Menton : Un groupe de surfeurs veut implanter un récif artificiel pour créer une vague et protéger le littoral

MEDITERRANÉE Une pétition a été lancée en mars et a récolté près de 700 signatures

Elise Martin

— 

Une vague à Menton en février 2021
Une vague à Menton en février 2021 — P-E. Coursault
  • En février, des travaux de consolidation des digues sous-marines pour protéger le littoral ont fait réagir des surfeurs du coin qui avaient peur de voir leur spot disparaître.
  • Ils se sont lancés dans des recherches pour trouver des alternatives et ont découvert la possibilité de créer un récif artificiel qui combinerait la protection de la Côte, le développement des poissons et une vague à surfer.
  • La création de ce concept à Menton est compliquée à cause d’espèces protégées mais ils n’ont pas dit leur dernier mot et cherchent actuellement un endroit où pouvoir l’implanter.

Une vague qui déferlerait jusqu’au rivage mais qui protégerait le littoral en même temps ? « Le concept peut paraître paradoxal, avoue Brett Gradel, surfeur à Menton depuis plus de vingt ans. Et pourtant, quand une vague déferle, plus elle se rapproche du bord, plus elle s’estompe. Le problème avec les digues sous-marines existantes c’est qu’elles sont parallèles à la Côte. Les vagues se brisent mais se regonflent ensuite derrière et ça protège mal des submersions ».

Artiste designer de profession, il a lancé une pétition pour créer un récif artificiel à Menton et Roquebrune-Cap-Martin qui a récolté pratiquement 700 signatures depuis mars. D’après lui, c’est la « solution durable pour protéger le littoral » .

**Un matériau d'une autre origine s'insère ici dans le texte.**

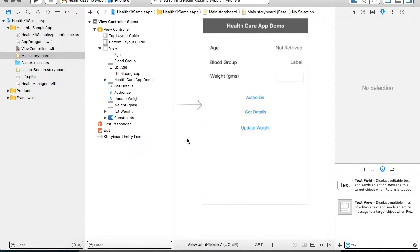Hello friends. In my previous tutorial I have shown you how to fetch the data related to age and blood group from your HealthKit. In this tutorial I am going to show you how to write data back to the HealthKit and read data from the HealthKit.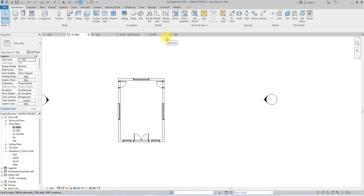Good day everyone, welcome back to our channel. My name is Henry and I'll be taking you on our Revit series. In today's video we are going to be talking about how to create composite cladding panels in Revit.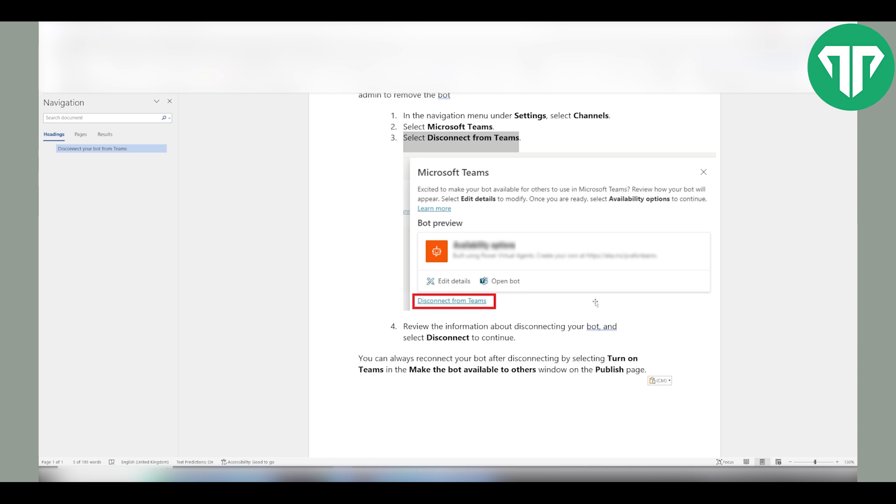You can always reconnect your bot after disconnecting by selecting turn on Teams in the make the bot available to others window on the published page.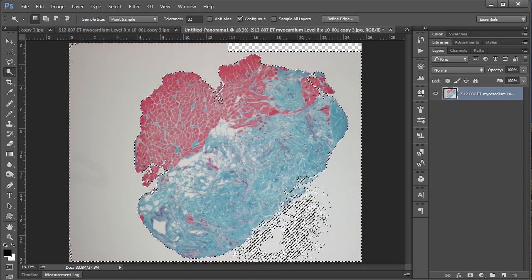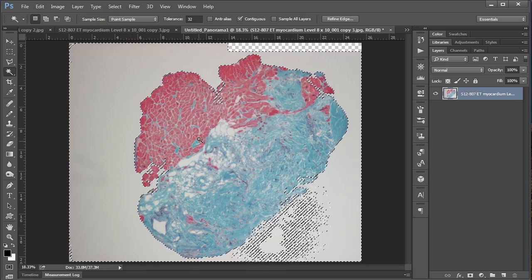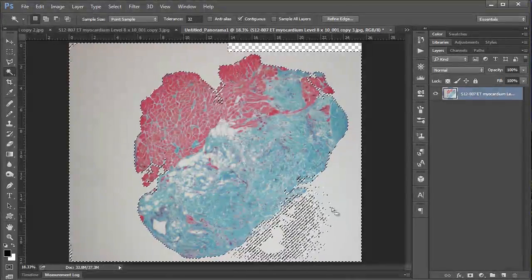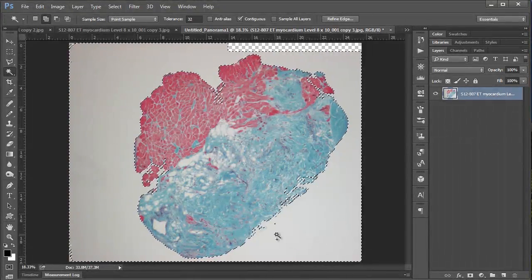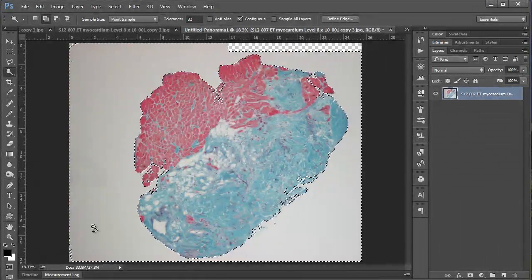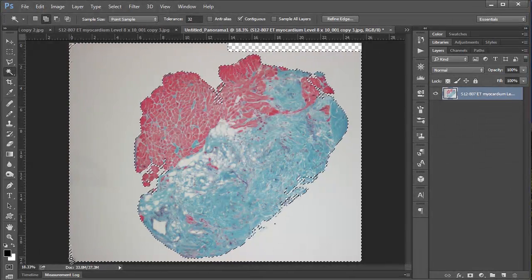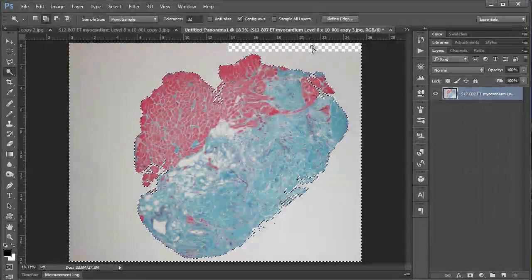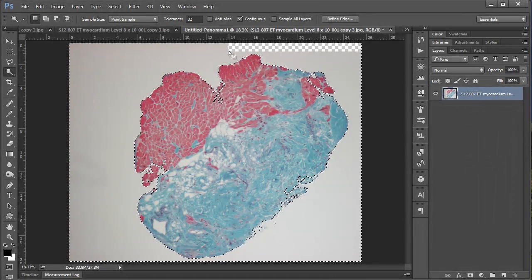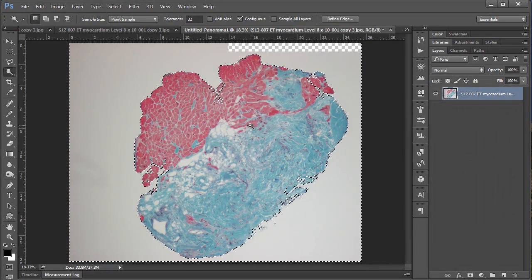But you can see there's some junk down here in this transparent area. So to add to that you hold the shift key and just click again in this area and you can see it's all added. So I'm just going to do that with these other areas, this corner here and the transparent area up here. And now I've got a selection that I'm pretty happy with.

Changer l’angle des digues

Le point de départ ? Des travaux de réhabilitation des digues sous-marines construites dans les années 1990 qui « étaient abîmées à cause des coups de mers », précise la Communauté de la Riviera française (Carf).

« Quand on a vu arriver les pelleteuses, on a vraiment cru que le surf allait disparaître à tout jamais à Menton, raconte le surfeur nostalgique de l’époque où les structures dans la mer n’existaient pas et qu’elles ne cassaient pas les vagues. Avec plusieurs volontaires, on a fait des recherches pour voir ce qui était possible de faire ».

Avec deux océanologues, un des Alpes-Maritimes, un qui habite à Montpellier, ils ont trouvé un moyen de sauver leur spot : la création d’un récif artificiel. « L’idée est de changer l’angle des digues pour que la vague continue de dérouler. On pourrait créer des modules triangulaires ou obliques qui reproduiraient le récif naturel, sous forme de béton mais avec un PH similaire à celui de la mer. Ainsi, les bactéries pourraient s’y implanter puisque ce serait une surface poreuse, et ça permettrait en même temps le développement des espèces tout en évitant l’érosion et les submersions. »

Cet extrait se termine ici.